Графиня оглянулась на молчаливого сына.
– Что с тобой? – спросила мать у Николая.
– Ах, ничего, – сказал он, как будто ему уже надоел этот все один и тот же вопрос. – Папенька скоро приедет?
– Я думаю.
«У них все то же. Они ничего не знают! Куда мне деваться?» – подумал Николай и пошел опять в залу, где стояли клавикорды.
Соня сидела за клавикордами и играла прелюдию той баркароллы, которую особенно любил Денисов. Наташа собиралась петь. Денисов восторженными глазами смотрел на нее.
Николай стал ходить взад и вперед по комнате.
«И вот охота заставлять ее петь! Что она может петь? И ничего тут нет веселого», – думал Николай.
Соня взяла первый аккорд прелюдии.
«Боже мой, я бесчестный, я погибший человек. Пулю в лоб – одно, что остается, а не петь, – подумал он. – Уйти? но куда же? Все равно, пускай поют!»
Николай мрачно, продолжая ходить по комнате, взглядывал на Денисова и девочек, избегая их взглядов.
«Николенька, что с вами?» – спросил взгляд Сони, устремленный на него. Она тотчас увидала, что что-нибудь случилось с ним.
Николай отвернулся от нее. Наташа с своею чуткостью тоже мгновенно заметила состояние своего брата. Она заметила его, но ей самой было так весело в ту минуту, так далека она была от горя, грусти, упреков, что она (как это часто бывает с молодыми людьми) нарочно обманула себя. «Нет, мне слишком весело теперь, чтобы портить свое веселье сочувствием чужому горю», – почувствовала она и сказала себе: «Нет, я, верно, ошибаюсь, он должен быть весел так же, как и я».
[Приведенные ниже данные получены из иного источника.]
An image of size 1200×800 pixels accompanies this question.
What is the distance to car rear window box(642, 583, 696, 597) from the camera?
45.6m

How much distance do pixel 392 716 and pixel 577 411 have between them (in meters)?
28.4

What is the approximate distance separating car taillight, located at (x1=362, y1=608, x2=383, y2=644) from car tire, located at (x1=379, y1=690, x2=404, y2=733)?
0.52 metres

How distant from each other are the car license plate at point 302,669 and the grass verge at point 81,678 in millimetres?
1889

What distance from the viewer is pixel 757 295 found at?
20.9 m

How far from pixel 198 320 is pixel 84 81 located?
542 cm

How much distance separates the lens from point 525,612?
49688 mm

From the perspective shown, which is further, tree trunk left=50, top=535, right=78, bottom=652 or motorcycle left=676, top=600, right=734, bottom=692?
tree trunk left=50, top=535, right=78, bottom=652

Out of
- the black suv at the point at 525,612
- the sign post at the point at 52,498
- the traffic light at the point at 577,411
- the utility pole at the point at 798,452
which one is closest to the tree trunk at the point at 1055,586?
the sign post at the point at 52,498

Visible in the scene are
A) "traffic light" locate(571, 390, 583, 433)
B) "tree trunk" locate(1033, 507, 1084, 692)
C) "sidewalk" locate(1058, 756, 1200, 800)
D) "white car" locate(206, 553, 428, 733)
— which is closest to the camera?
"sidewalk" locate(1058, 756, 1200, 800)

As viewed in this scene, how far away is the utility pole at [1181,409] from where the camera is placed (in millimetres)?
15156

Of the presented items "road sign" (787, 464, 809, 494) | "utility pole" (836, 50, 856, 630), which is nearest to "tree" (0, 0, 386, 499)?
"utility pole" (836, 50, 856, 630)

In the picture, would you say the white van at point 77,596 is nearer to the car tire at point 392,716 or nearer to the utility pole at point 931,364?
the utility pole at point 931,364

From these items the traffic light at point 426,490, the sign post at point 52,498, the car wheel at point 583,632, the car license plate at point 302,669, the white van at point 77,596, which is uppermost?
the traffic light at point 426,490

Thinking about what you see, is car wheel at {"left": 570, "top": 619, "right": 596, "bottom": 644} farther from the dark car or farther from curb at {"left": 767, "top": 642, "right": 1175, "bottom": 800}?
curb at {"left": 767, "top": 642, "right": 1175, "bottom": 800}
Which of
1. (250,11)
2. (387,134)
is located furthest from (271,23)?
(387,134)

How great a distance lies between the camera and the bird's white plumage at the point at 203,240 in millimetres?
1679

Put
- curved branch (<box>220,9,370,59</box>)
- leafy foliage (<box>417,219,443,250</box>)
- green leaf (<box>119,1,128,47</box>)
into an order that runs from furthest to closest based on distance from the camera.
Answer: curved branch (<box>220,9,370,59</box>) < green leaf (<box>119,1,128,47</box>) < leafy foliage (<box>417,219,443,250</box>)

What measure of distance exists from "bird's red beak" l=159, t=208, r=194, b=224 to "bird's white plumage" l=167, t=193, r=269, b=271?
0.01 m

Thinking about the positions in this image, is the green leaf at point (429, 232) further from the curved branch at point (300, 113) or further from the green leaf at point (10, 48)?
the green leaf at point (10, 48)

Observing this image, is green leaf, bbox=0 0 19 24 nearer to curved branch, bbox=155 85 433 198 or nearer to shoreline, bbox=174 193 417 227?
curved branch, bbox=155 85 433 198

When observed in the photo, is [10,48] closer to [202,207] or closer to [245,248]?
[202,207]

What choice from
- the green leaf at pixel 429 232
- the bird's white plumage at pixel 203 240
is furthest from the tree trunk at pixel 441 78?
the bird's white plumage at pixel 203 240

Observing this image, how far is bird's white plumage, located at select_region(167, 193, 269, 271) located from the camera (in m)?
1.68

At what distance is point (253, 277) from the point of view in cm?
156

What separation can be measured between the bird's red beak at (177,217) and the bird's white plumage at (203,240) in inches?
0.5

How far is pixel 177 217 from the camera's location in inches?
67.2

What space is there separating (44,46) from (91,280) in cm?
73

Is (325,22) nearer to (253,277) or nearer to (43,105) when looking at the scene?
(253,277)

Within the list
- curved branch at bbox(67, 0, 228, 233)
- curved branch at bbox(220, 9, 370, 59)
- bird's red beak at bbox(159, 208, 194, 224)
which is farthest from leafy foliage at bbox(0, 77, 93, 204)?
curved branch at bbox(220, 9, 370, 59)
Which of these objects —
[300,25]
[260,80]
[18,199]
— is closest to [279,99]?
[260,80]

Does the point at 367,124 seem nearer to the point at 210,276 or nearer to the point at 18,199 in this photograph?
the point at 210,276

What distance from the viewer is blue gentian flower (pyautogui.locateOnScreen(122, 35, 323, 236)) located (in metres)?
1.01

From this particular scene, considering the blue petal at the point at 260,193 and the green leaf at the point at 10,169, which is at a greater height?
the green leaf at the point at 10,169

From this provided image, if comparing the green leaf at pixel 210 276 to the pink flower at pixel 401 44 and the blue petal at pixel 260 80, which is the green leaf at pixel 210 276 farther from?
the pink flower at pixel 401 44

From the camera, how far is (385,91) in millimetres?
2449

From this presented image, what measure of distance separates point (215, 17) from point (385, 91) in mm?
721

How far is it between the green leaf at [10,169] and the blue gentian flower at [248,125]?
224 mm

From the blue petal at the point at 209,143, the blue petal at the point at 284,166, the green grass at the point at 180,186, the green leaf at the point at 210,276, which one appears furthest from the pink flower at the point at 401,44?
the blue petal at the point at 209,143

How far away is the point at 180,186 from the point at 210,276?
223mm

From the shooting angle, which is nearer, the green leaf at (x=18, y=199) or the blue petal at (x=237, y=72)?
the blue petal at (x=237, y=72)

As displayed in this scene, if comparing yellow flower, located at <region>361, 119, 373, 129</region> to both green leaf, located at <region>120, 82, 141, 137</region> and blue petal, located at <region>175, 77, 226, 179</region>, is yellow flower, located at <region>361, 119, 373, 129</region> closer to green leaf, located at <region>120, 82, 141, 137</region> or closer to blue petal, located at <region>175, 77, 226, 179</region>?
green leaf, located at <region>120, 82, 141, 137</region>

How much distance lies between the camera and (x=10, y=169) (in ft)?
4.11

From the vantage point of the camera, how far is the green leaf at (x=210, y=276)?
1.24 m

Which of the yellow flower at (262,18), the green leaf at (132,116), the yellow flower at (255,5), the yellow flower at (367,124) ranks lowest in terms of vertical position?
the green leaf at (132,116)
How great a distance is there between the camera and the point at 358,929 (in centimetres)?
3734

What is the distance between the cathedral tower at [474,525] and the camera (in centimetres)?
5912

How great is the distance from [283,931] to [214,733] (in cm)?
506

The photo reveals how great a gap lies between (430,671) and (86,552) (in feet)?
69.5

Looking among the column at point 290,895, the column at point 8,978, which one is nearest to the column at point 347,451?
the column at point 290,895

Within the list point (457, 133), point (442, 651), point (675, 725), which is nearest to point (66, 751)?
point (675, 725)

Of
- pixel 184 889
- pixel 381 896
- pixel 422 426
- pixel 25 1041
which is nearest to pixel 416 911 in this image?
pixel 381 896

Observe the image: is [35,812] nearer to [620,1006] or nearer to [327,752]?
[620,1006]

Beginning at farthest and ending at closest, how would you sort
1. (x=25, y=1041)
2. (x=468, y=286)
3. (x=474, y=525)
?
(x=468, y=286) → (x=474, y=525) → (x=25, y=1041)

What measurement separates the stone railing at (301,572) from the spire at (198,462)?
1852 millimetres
– Ну, Соня, – сказала она и вышла на самую середину зала, где, по ее мнению, лучше всего был резонанс. Приподняв голову, опустив безжизненно-повисшие руки, как это делают танцовщицы, Наташа, энергическим движением переступая с каблучка на цыпочку, прошлась посередине комнаты и остановилась.
«Вот она я!» – как будто говорила она, отвечая на восторженный взгляд Денисова, следившего за ней.
«И чему она радуется! – подумал Николай, глядя на сестру. – И как ей не скучно и не совестно!» Наташа взяла первую ноту, горло ее расширилось, грудь выпрямилась, глаза приняли серьезное выражение. Она не думала ни о ком, ни о чем в эту минуту, и из в улыбку сложенного рта полились звуки, те звуки, которые может производить в те же промежутки времени и в те же интервалы всякий, но которые тысячу раз оставляют вас холодным, в тысячу первый раз заставляют вас содрогаться и плакать.
Наташа в эту зиму в первый раз начала серьезно петь и в особенности оттого, что Денисов восторгался ее пением. Она пела теперь не по-детски, уж не было в ее пении этой комической, ребяческой старательности, которая была в ней прежде, но она пела еще не хорошо, как говорили все знатоки-судьи, которые ее слушали. «Не обработан, но прекрасный голос, надо обработать», – говорили все. Но говорили это обыкновенно уже гораздо после того, как замолкал ее голос. В то же время, когда звучал этот необработанный голос с неправильными придыханиями и с усилиями переходов, даже знатоки-судьи ничего не говорили и только наслаждались этим необработанным голосом, и только желали еще раз услыхать его. В голосе ее была та девственность, нетронутость, то незнание своих сил и та необработанная еще бархатность, которые так соединялись с недостатками искусства пения, что, казалось, нельзя было ничего изменить в этом голосе, не испортив его.